_Source material_

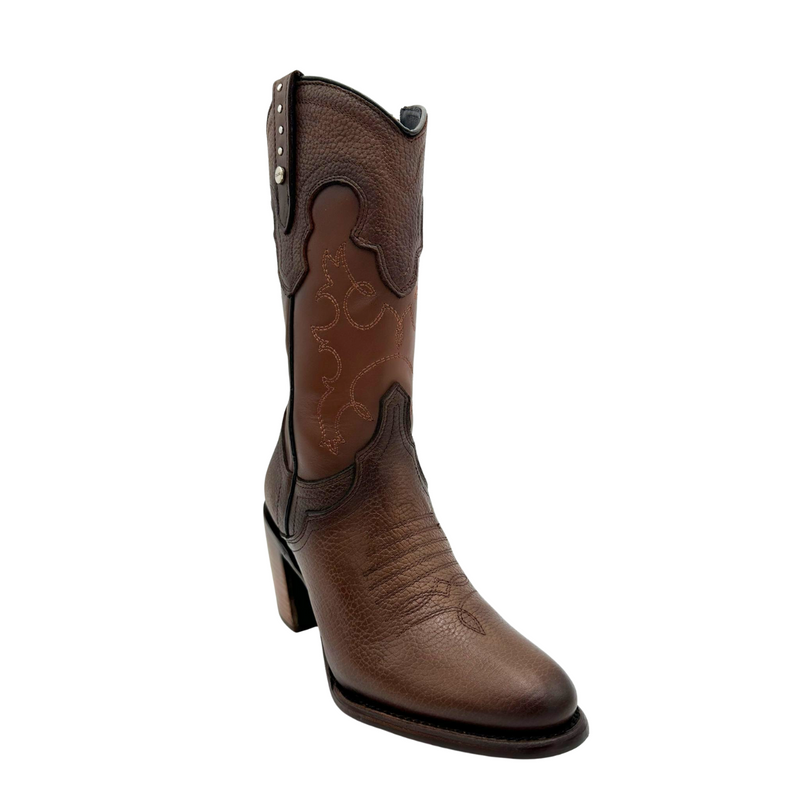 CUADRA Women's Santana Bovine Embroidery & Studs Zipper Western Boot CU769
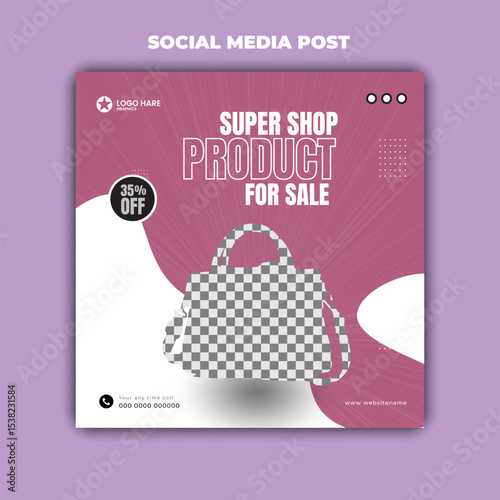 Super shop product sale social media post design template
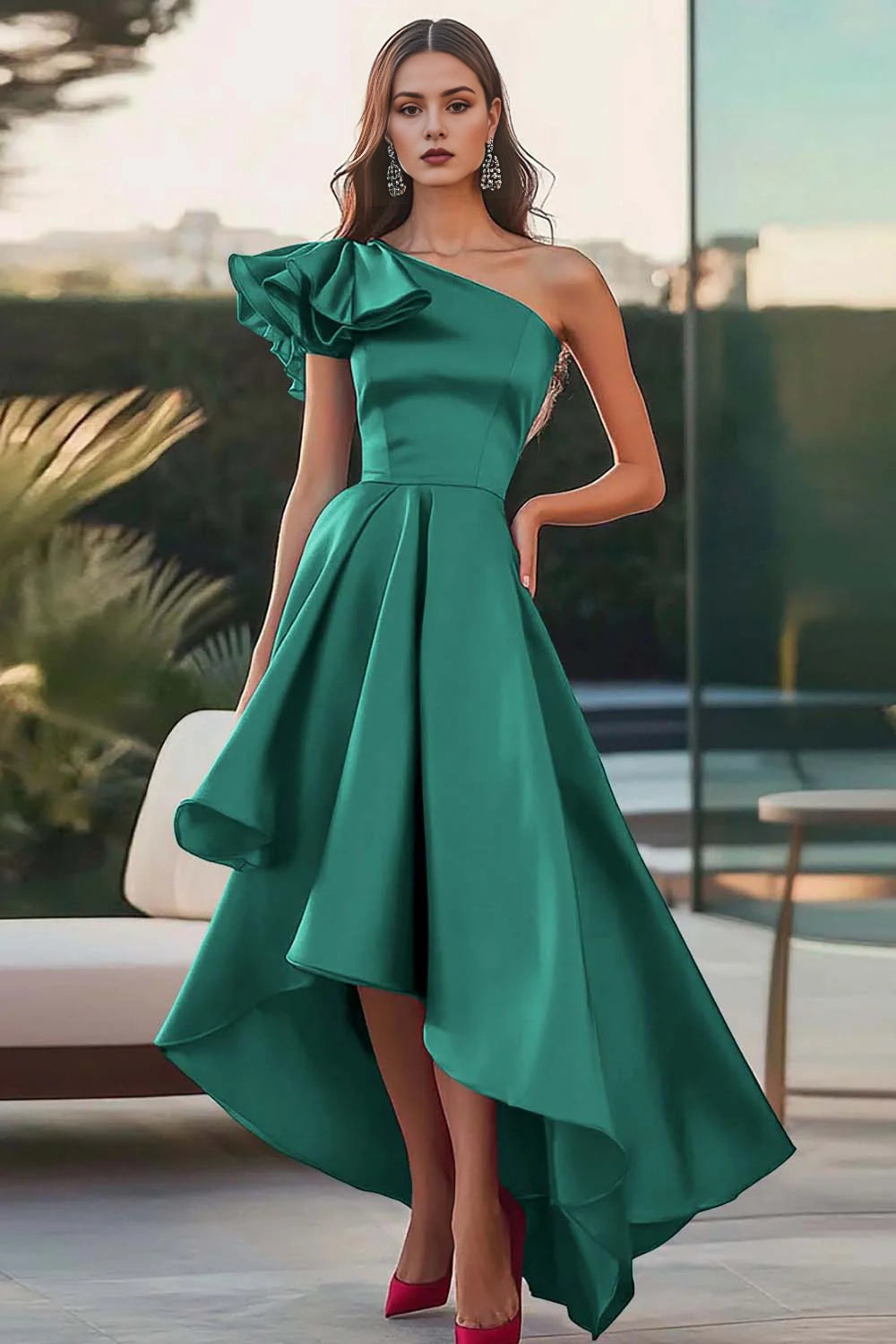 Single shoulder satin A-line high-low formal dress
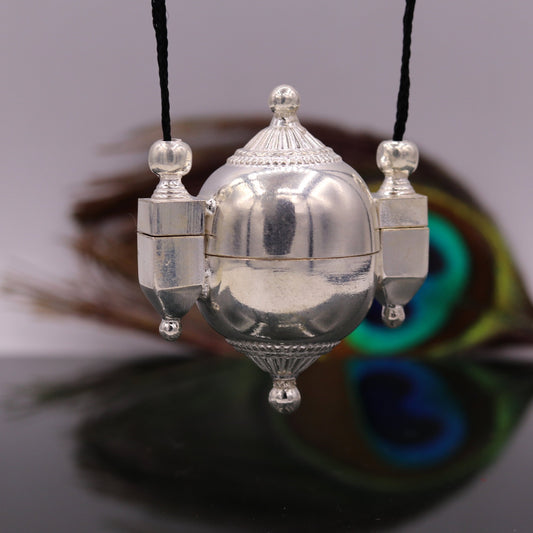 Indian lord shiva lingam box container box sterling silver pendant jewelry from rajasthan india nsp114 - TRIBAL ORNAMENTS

_Required work_
Using the listing above, write out exactly the lines from the one that holds "Super shop product" through the last line, both included, and omit pictures.

_Response below_
 Super shop product sale social media post design template
 Single shoulder satin A-line high-low formal dress
 Indian lord shiva lingam box container box sterling silver pendant jewelry from rajasthan india nsp114 - TRIBAL ORNAMENTS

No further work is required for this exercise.